If you've got your camera set to JPEG only the camera then processes the RAW file - based on your various colour, sharpness and contrast choices - into a JPEG. It then discards the RAW file. The result is you get a print, but you've lost the negative.
The practical upshot is that if you want to make changes to this image your options are more limited than with the RAW file. After all, you'd be in the same boat if you wanted to edit a photograph based on a print rather than having the 35mm negative right?
But for many, fiddling around with RAW files is a daunting prospect. It needn't be, software such as Canon's Digital Photo Professional make it easy. However you may be nervous about switching to RAW files right away.

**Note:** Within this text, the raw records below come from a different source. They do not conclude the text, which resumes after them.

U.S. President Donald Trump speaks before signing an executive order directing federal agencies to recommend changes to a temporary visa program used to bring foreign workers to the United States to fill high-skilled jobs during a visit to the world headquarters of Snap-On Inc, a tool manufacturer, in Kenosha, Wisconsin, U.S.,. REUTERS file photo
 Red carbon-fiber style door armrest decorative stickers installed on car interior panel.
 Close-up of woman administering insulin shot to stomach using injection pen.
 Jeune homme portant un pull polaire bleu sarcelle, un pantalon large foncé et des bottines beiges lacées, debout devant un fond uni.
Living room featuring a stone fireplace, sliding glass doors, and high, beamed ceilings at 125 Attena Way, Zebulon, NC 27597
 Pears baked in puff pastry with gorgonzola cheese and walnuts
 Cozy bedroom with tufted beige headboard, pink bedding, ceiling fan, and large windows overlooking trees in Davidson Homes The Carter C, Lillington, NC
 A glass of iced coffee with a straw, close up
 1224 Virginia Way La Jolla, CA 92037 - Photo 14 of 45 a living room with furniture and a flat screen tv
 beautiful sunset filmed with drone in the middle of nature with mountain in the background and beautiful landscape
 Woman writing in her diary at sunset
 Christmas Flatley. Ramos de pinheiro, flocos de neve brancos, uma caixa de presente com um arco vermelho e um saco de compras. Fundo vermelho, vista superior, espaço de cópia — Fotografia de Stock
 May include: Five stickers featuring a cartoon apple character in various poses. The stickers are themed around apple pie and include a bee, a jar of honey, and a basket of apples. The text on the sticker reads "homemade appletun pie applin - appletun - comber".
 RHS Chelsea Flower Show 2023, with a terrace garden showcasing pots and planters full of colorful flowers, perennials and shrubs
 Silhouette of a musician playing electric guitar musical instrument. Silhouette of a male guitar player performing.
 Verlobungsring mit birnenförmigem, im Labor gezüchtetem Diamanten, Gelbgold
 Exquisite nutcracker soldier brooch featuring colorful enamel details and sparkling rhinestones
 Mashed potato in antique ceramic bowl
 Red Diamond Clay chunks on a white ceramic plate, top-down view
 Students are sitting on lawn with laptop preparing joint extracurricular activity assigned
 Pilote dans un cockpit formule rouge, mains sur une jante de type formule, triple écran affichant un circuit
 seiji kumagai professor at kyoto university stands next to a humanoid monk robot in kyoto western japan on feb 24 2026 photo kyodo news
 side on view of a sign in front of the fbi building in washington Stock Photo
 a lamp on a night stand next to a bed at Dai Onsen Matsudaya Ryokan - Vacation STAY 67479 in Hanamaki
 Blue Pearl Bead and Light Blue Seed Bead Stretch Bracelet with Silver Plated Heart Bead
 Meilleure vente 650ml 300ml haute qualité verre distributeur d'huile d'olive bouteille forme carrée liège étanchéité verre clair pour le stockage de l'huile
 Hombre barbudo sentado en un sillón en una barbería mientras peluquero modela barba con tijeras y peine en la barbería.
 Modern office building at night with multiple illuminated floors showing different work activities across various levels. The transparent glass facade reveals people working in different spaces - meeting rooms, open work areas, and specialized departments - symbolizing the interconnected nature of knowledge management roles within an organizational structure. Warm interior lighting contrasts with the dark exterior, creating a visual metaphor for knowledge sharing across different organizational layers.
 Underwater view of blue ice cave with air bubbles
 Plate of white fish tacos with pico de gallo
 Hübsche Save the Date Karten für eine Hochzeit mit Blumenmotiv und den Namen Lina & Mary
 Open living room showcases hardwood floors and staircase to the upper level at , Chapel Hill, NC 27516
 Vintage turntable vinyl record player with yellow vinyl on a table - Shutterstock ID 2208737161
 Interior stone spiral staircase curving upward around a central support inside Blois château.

So here's what you should do. Set your camera to RAW + JPEG. For now you can continue to enjoy all your JPEG files as usual. The RAWs will sit unused on your PC, but that's fine. Because in a year or three when you start editing RAW files you'll be glad you kept all those digital negatives.
So in conclusion my message is this. The answer to the question "should I shoot RAW or JPEG?" is this. Shoot both, or just RAW, but don't just shoot JPEG.